■ What is expected ■
Working from the records beneath this line, reproduce each one exactly.

--- --- ---

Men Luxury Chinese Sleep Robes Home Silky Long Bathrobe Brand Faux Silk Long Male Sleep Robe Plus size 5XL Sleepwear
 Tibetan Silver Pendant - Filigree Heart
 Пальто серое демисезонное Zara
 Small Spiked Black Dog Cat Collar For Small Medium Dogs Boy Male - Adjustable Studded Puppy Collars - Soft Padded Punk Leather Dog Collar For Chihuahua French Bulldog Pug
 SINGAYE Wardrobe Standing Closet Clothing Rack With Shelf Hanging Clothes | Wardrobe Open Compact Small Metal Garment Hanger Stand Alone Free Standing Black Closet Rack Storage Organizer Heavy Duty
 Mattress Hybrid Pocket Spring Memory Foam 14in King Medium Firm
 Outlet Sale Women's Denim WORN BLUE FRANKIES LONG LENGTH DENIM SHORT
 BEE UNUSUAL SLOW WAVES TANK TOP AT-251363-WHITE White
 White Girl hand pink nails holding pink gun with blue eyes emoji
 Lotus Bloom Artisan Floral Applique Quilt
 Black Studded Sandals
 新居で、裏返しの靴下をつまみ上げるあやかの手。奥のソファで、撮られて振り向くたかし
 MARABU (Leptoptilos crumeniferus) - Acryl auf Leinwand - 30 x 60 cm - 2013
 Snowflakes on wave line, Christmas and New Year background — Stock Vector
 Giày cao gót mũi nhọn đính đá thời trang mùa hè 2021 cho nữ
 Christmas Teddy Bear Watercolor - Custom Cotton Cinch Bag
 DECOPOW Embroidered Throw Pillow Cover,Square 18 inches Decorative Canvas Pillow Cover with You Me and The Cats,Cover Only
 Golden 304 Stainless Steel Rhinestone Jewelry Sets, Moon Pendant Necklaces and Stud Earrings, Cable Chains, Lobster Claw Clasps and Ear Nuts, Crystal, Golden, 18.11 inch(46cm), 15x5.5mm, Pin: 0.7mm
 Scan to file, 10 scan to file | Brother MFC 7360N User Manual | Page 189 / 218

--- --- ---

■ Exercise result ■
Men Luxury Chinese Sleep Robes Home Silky Long Bathrobe Brand Faux Silk Long Male Sleep Robe Plus size 5XL Sleepwear
 Tibetan Silver Pendant - Filigree Heart
 Пальто серое демисезонное Zara
 Small Spiked Black Dog Cat Collar For Small Medium Dogs Boy Male - Adjustable Studded Puppy Collars - Soft Padded Punk Leather Dog Collar For Chihuahua French Bulldog Pug
 SINGAYE Wardrobe Standing Closet Clothing Rack With Shelf Hanging Clothes | Wardrobe Open Compact Small Metal Garment Hanger Stand Alone Free Standing Black Closet Rack Storage Organizer Heavy Duty
 Mattress Hybrid Pocket Spring Memory Foam 14in King Medium Firm
 Outlet Sale Women's Denim WORN BLUE FRANKIES LONG LENGTH DENIM SHORT
 BEE UNUSUAL SLOW WAVES TANK TOP AT-251363-WHITE White
 White Girl hand pink nails holding pink gun with blue eyes emoji
 Lotus Bloom Artisan Floral Applique Quilt
 Black Studded Sandals
 新居で、裏返しの靴下をつまみ上げるあやかの手。奥のソファで、撮られて振り向くたかし
 MARABU (Leptoptilos crumeniferus) - Acryl auf Leinwand - 30 x 60 cm - 2013
 Snowflakes on wave line, Christmas and New Year background — Stock Vector
 Giày cao gót mũi nhọn đính đá thời trang mùa hè 2021 cho nữ
 Christmas Teddy Bear Watercolor - Custom Cotton Cinch Bag
 DECOPOW Embroidered Throw Pillow Cover,Square 18 inches Decorative Canvas Pillow Cover with You Me and The Cats,Cover Only
 Golden 304 Stainless Steel Rhinestone Jewelry Sets, Moon Pendant Necklaces and Stud Earrings, Cable Chains, Lobster Claw Clasps and Ear Nuts, Crystal, Golden, 18.11 inch(46cm), 15x5.5mm, Pin: 0.7mm
 Scan to file, 10 scan to file | Brother MFC 7360N User Manual | Page 189 / 218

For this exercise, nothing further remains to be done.